Ein anonymes Schreiben
Auf dem Schreibtisch des Redakteurs Daniel GRÄBER bei der Frankfurter Neuen Presse, eine der führenden Tageszeitungen im Frankfurter Raum, landet ein dicker Briefumschlag. Anonym. Er enthält brisante Dokumente und eine ausführlich begründete Strafanzeige.
Der Absender, ein Whistleblower bzw. Informant, weiß offenbar, dass man einer Staatsanwaltschaft dann Beine machen kann, wenn die Anzeige gleichzeitig an einen Journalisten geht, der daraus etwas macht: Öffentichkeit.

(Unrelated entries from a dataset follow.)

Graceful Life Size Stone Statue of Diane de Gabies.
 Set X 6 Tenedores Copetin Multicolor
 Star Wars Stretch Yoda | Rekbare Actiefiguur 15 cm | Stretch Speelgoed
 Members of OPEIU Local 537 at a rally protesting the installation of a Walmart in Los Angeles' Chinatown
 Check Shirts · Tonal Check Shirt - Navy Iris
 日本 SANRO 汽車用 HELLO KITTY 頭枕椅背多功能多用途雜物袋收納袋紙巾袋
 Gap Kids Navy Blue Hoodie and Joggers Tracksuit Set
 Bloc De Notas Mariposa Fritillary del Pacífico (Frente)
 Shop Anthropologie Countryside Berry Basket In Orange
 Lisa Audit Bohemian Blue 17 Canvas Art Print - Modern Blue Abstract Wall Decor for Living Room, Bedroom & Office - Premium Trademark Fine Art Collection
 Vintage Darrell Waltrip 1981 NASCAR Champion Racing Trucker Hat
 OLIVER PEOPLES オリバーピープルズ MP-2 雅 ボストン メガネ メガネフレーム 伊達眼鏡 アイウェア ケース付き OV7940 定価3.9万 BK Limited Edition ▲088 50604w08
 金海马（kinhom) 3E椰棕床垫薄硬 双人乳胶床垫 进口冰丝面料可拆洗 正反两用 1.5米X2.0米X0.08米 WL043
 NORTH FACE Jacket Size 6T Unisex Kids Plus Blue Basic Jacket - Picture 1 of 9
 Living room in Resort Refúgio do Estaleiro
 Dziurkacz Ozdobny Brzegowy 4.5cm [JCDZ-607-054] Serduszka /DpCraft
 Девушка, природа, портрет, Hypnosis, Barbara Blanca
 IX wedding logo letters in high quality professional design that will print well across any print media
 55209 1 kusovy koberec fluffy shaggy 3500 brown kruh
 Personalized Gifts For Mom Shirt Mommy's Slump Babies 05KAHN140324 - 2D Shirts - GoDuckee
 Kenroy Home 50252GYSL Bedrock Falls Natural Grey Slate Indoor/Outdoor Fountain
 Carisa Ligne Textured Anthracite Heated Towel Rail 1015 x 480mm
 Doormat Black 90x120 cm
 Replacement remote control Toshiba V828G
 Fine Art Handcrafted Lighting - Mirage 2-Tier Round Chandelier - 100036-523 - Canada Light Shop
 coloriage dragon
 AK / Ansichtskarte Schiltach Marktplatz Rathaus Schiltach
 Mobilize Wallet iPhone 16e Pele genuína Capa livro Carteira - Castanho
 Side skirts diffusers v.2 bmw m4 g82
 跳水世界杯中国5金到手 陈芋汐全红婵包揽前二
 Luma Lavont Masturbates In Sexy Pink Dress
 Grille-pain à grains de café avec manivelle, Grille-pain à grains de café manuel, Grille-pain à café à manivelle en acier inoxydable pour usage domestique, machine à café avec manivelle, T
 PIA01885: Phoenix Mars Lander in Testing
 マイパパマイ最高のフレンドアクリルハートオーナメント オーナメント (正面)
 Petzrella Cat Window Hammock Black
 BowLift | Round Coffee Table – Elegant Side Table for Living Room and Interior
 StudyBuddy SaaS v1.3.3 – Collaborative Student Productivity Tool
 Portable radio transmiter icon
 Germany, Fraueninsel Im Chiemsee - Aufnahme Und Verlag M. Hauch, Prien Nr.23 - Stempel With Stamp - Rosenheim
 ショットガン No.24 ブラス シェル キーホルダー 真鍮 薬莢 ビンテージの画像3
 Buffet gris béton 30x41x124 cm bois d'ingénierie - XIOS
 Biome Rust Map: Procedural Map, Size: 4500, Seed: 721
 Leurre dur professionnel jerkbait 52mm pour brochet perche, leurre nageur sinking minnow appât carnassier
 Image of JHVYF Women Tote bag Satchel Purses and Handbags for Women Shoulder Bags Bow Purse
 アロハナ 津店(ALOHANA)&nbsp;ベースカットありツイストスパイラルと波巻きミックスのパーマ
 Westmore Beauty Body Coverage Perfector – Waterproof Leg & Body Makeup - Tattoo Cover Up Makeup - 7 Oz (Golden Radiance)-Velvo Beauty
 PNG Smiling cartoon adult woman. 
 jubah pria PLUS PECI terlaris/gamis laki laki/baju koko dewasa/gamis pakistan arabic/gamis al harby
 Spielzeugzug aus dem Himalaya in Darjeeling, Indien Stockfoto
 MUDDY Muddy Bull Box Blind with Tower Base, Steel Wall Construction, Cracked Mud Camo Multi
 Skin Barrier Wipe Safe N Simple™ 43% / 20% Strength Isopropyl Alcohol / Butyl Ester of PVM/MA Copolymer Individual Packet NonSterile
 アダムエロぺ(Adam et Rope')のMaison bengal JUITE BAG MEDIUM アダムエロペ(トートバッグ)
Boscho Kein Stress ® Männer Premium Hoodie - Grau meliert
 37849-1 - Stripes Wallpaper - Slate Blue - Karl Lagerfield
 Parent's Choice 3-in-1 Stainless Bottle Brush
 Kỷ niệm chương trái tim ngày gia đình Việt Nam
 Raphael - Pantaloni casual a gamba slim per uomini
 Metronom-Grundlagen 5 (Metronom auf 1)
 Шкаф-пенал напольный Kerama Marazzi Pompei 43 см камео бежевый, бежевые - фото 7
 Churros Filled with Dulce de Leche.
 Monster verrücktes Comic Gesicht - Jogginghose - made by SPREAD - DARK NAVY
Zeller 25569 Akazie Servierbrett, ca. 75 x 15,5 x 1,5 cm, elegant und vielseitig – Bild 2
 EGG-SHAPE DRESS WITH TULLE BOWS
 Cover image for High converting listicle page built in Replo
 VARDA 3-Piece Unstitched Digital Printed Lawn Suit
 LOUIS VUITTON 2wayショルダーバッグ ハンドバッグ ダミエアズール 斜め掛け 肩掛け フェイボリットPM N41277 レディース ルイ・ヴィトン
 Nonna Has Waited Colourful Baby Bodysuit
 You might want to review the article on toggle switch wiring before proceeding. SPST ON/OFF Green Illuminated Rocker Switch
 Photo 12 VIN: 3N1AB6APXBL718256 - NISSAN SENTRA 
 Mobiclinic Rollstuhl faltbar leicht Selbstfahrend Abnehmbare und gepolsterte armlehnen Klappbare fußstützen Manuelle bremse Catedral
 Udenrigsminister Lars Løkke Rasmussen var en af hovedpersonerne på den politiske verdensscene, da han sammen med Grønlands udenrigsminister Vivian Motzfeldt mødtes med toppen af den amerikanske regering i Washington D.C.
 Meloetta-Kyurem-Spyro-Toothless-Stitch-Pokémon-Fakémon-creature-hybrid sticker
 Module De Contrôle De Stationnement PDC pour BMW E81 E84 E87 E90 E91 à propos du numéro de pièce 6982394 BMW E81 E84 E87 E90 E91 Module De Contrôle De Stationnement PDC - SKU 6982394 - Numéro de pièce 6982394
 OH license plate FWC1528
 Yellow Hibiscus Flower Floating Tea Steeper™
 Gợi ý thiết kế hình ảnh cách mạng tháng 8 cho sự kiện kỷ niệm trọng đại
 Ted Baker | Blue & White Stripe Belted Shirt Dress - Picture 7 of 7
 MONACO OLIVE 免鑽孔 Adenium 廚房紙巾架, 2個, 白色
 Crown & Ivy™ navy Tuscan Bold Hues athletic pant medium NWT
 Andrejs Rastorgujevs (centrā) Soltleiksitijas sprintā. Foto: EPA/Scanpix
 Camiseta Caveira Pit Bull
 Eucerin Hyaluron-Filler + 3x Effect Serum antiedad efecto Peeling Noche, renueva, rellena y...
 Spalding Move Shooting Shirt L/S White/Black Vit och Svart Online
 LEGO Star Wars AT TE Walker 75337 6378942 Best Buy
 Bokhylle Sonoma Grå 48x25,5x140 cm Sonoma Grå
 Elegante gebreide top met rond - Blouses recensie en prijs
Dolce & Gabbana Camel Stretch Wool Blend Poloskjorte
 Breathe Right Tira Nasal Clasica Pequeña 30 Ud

Die Anzeige und die beigelegten Dokumente drehen sich um eine Gemeinnützige Institution, der Arbeiterwohlfahrt, kurz AWO, die zu den 6 Spitzenverbänden der Freien Wohlfahrtspflege in Deutschland zählt: "um in unserer Gesellschaft bei der Bewältigung sozialer Probleme und Aufgaben mitzuwirken und um den demokratischen, sozialen Rechtsstaat zu verwirklichen." So steht es auf der Website der AWO.
Der Inhalt des Briefes spricht eine andere Sprache: Untreue. In jedem Fall undurchsichtige Geschäfte, Intransparenz, merkwürdige Verquickungen auf der Ebene der Führungselite.
Erste Recherchen
Daniel GRÄBER fängt an, die Unterlagen zu verifizieren und zu recherchieren.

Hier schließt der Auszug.